O'Brien et al. (2018) completed a systematic review and meta-analysis on the effect of a-tDCS on fine motor skills in patients after stroke (32). They examined the data of 351 stroke patients and showed moderate improvement of manual dexterity in this population when tDCS was applied alone and large improvement when it was concurrently applied with another intervention (32).
TDCS is a safe intervention with no or minimal side effects (19). However, the induced excitability changes and the length of lasting effect of tDCS strongly depend on the electrode montage and parameters of stimulation: intensity and duration of stimulation (33). The effects of a-tDCS can be prolonged by using higher intensities or by increasing the duration of its application. High-intensity stimulation can affect different neuronal populations compared with low intensity stimulation. By increasing the intensity, the current may reach deeper sites that might not be the intended target. It has been shown that longer application of a-tDCS may cause excitability diminution (34). This might be caused by a calcium overflow-caused neuronal counter-regulation (34). Therefore to increase the length of lasting effects, other characteristics of a-tDCS application should be considered. Within-session repetition of a-tDCS is another alternative for prolongation of the a-tDCS lasting effects. The efficacy of this technique has been already tested on healthy participants (35).
We are aiming (for the first time) to train patients to learn a completely new motor skill with their fingers rather than practicing the pre-injury well-learned tasks repeatedly to trigger the production of oligodendrocytes and myelin in the motor areas of their brain. We are also aiming to facilitate this learning process by combining the practice sessions with concurrent application of a-tDCS.
3.1. Aim
To assess whether applying within session repeated anodal transcranial direct current stimulation (a-tDCS) on primary motor cortex (M1) during learning of a new motor skill can improve hand functions in patients with MS more than conventional neuro-rehabilitation strategies for hand function improvement.
Hypothesis 1: Learning a new motor skill will be more effective in improving hand functions compared to the current hand training in patients with MS.
Hypothesis 2: In patients with MS, applying within-session repeated a-tDCS on M1 while learning a new motor skill for five days can improve hand functions more effectively than learning the new motor skill alone or with sham stimulation.

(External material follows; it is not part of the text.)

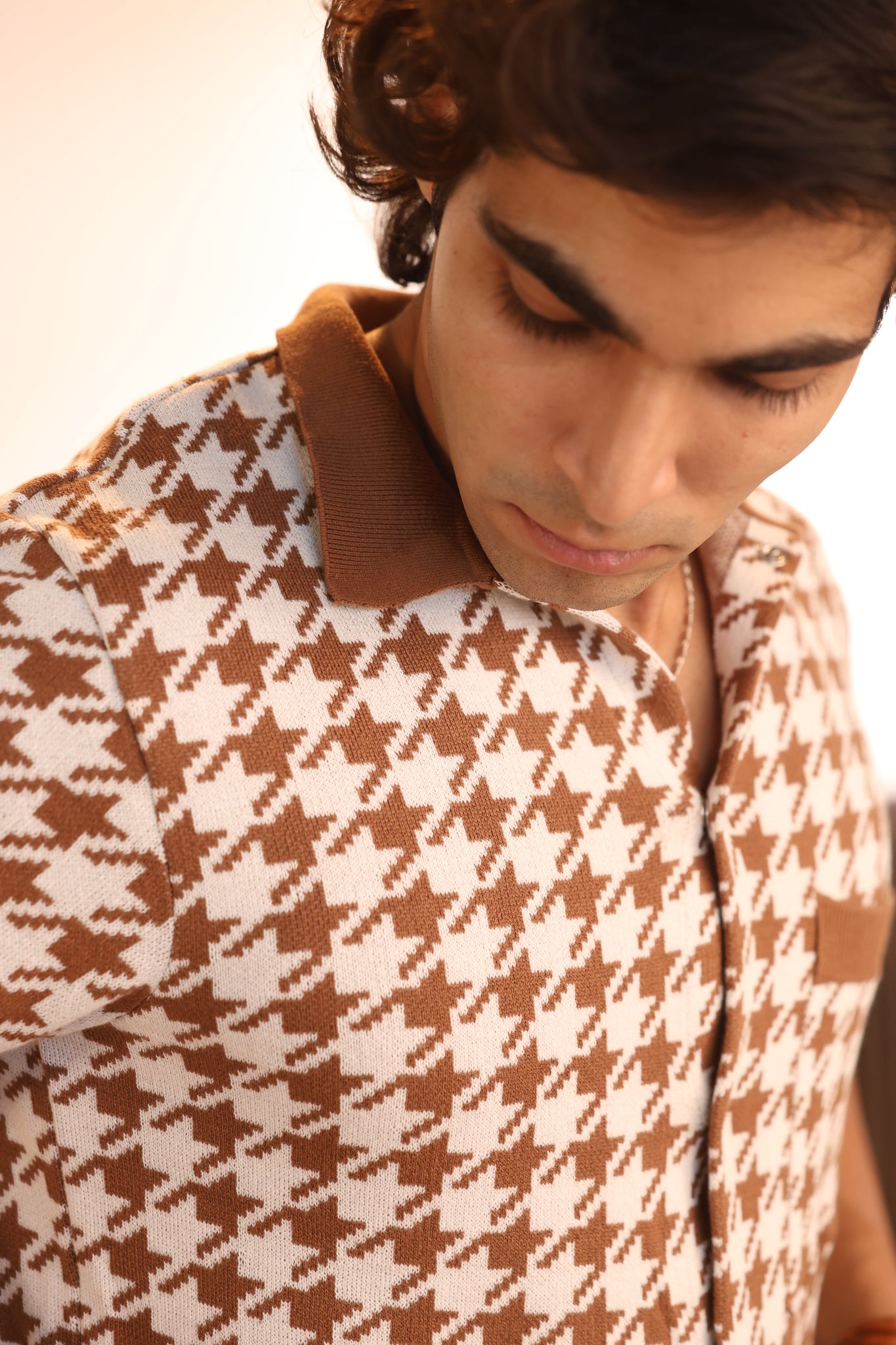 Houndstooth textured shirt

Hypothesis 3: As the protocol for within session repeated a-tDCS has accumulative and long-lasting effects on cortical excitability in M1 area, continuing hand training sessions during weeks 2–8 in the experimental group will be more effective in improving hand functions compared to patients in sham group or learning a new motor skill alone.
4. Research plan
4.1. Design
The is a randomized controlled trial.
4.2. Participants
Seventy two patients with secondary progressive MS will be recruited. These patients will be assessed by a rehabilitation physician against the inclusion and exclusion criteria. Eligible participants will then be enrolled in the study.
Inclusion criteria: (a) 18 years of age and over; (b) secondary progressive MS; (c) impaired dominant hand functions (right side); (d) EDSS = 3–6 and (e) able to understand, speak and write in English.

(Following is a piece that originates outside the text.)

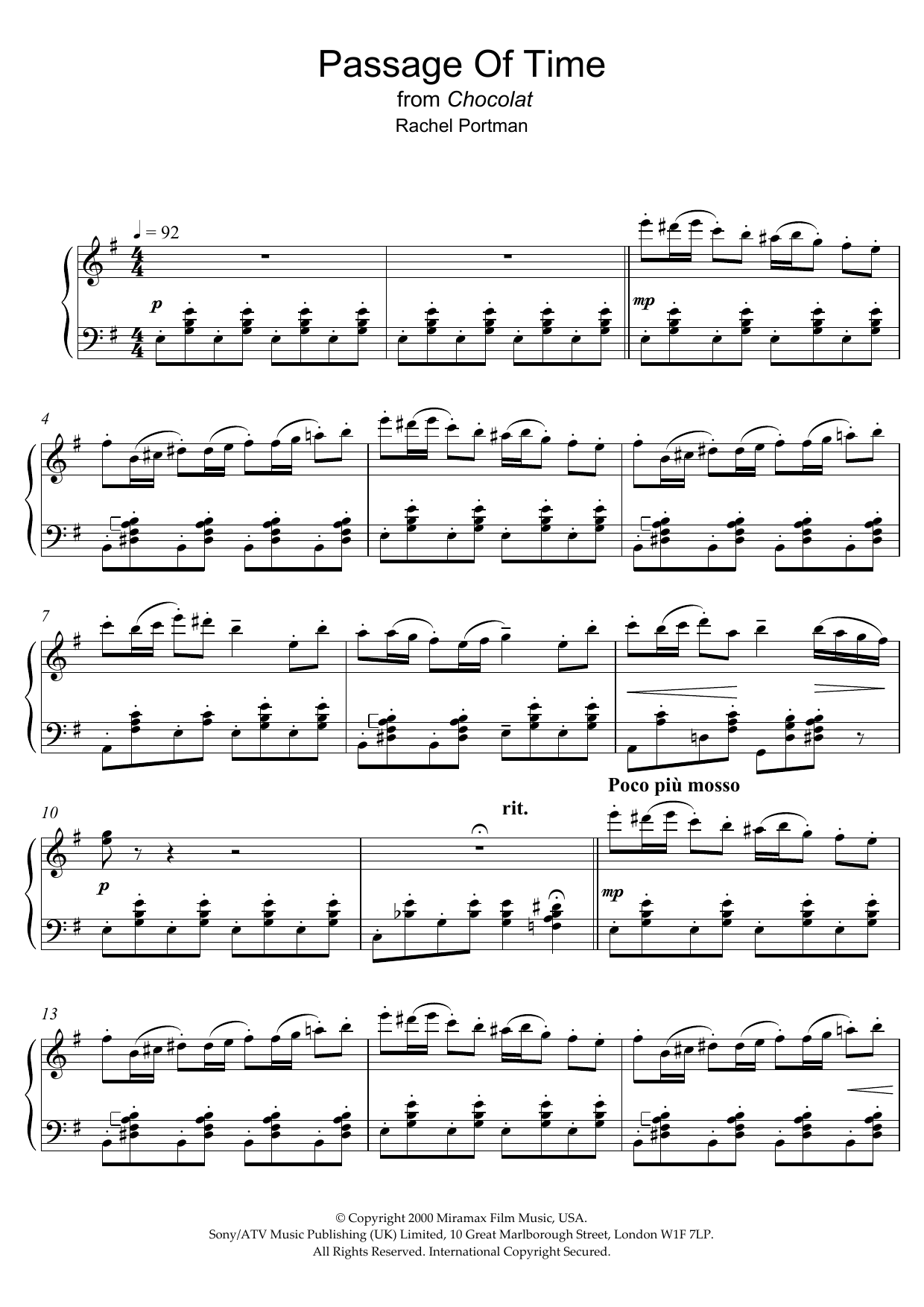 Rachel Portman Passage Of Time (from Chocolat) Sheet Music Notes & Chords for Piano - Download or Print PDF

Exclusion criteria: (a) skin conditions (e.g., eczema, lesions) on scalp; (b) metal inside the head (outside the mouth) such as shrapnel, surgical clips, or fragments from welding or metalwork; (c) any implanted devices such as cardiac pacemaker, cochlear implant, medical pump, or intracardiac line; (d) frequent or severe headaches; (e) previous head injury and any other brain related disease and (f) pregnancy and breast feeding.
4.3. Experimental design
Enrolled patients will be randomly allocated to one of four groups (n = 18 per group). Randomisation will be controlled by one of the investigators using a secure web-based computer-generated sequence which is a commonly used and reliable method for ensuring that study participants are assigned to different groups in a fair and unbiased manner (Figure 1).
Figure 1. Flow diagram of randomization, intervention and assessments. This figure shows the randomization of the participants into 4 groups and the allocated intervention and assessment sessions throughout the trial. MS: Multiple Sclerosis; tDCS: Transcranial direct current stimulation.
Group 1: Control group (n = 18): Patients in this group will participate in hand training sessions only based on the current standard in clinics for 8 weeks. During week 1 this will be provided in 5 sessions over 5 consecutive days (30 min with rest) and during weeks 2–8, participants will have 2 sessions per week. They will have the following assessments: baseline assessments (before training); assessments during hand training (week 1, at the end of 5 consecutive training sessions and end of week 2, 4, 6 and 8); and follow-up assessments (week 12).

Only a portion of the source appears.